あっという間に氷漬けのモーリスの完成だった。
「おお……校長先生。あざっす」
「いいえ、お礼なんていいんですよ――ですけど、私にはここまでしか……」
エリスは剣を鞘に納め、システィアに問いかける。
「――それから、どうするつもりなの? もし天恵武姫に魔石獣を救う能力があるのなら、是非見学させて貰いたいところけれど……」
「済まないが、それは出来ん。私が行うのではないからな――」
屋根の上のシスティアは、更に頭上の夜空を仰ぎ見る。
その視線の先には、夜空に浮かぶ黒い大型の機甲鳥の機影があった。
丁度地上に布陣している部隊と、空に布陣している聖騎士団との中間に割り込むような位置だ。
「あれは……!」
仮面で顔を隠した、全身黒ずくめの人物が機甲鳥の機上に立っている。

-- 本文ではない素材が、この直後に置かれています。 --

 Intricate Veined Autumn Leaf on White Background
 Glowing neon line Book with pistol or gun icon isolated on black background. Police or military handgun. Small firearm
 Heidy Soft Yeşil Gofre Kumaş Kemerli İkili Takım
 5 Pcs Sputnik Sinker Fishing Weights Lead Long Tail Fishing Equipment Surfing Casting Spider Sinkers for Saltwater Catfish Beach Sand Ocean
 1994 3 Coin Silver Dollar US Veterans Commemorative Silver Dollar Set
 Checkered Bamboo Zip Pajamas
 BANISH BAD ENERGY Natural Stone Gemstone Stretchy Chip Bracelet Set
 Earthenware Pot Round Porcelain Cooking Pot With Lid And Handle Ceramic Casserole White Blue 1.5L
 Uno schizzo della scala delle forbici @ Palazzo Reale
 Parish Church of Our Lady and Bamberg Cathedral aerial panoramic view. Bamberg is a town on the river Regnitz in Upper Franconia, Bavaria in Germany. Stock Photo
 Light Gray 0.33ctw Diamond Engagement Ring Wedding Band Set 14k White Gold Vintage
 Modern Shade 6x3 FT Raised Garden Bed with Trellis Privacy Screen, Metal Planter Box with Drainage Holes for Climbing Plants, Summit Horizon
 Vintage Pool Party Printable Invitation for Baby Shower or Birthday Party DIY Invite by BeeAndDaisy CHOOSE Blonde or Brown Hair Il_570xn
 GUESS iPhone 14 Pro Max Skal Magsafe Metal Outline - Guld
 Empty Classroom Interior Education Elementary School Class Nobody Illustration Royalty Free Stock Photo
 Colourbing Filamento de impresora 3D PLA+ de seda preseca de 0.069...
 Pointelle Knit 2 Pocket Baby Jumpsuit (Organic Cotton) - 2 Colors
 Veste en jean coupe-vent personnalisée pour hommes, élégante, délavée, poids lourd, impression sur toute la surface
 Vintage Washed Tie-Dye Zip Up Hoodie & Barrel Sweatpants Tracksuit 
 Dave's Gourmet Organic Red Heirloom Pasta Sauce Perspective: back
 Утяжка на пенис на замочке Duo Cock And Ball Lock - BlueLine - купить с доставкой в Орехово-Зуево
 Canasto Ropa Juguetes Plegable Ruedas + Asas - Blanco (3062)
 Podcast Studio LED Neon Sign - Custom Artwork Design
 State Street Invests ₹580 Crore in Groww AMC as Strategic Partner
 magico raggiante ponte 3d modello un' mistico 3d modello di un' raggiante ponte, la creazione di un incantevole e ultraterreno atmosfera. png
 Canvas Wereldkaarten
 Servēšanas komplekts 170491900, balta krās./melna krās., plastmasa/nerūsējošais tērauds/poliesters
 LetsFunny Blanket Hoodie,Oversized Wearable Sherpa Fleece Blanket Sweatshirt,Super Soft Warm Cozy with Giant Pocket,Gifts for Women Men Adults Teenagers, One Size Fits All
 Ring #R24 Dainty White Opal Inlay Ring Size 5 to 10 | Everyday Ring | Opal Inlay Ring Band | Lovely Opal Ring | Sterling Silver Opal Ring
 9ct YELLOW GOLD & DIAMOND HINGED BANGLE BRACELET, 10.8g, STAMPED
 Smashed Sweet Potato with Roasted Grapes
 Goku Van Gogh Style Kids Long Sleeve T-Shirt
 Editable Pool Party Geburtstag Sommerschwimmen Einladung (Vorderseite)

エリスは初めて見るが、その異相は話には聞いている。
血鉄鎖旅団の首領の黒仮面だ。
「虹の王に挑まんとする高貴なる戦士達には、お耳汚しをご容赦願いたい――我が同志達に告ぐ……! 虹の粉薬を今すぐ廃棄するのだ……! それがこの虹の王の気と混ざり合い、人を魔石獣へと変える……! 虹の粉薬さえ持たなければ、魔石獣化は確認されていない……! さあ急ぐのだ――!」
黒仮面は声を張り上げ、周囲へと呼びかける。
声は人一人が発するものにしては、大きすぎるほどに大きく遠く響く。
かなりの大軍が集っている戦場だが、その全体に届きそうなほどに感じる。
エリスには魔素の動きを感じられなかったが、何かしらの特別な力が加わっているのかも知れない。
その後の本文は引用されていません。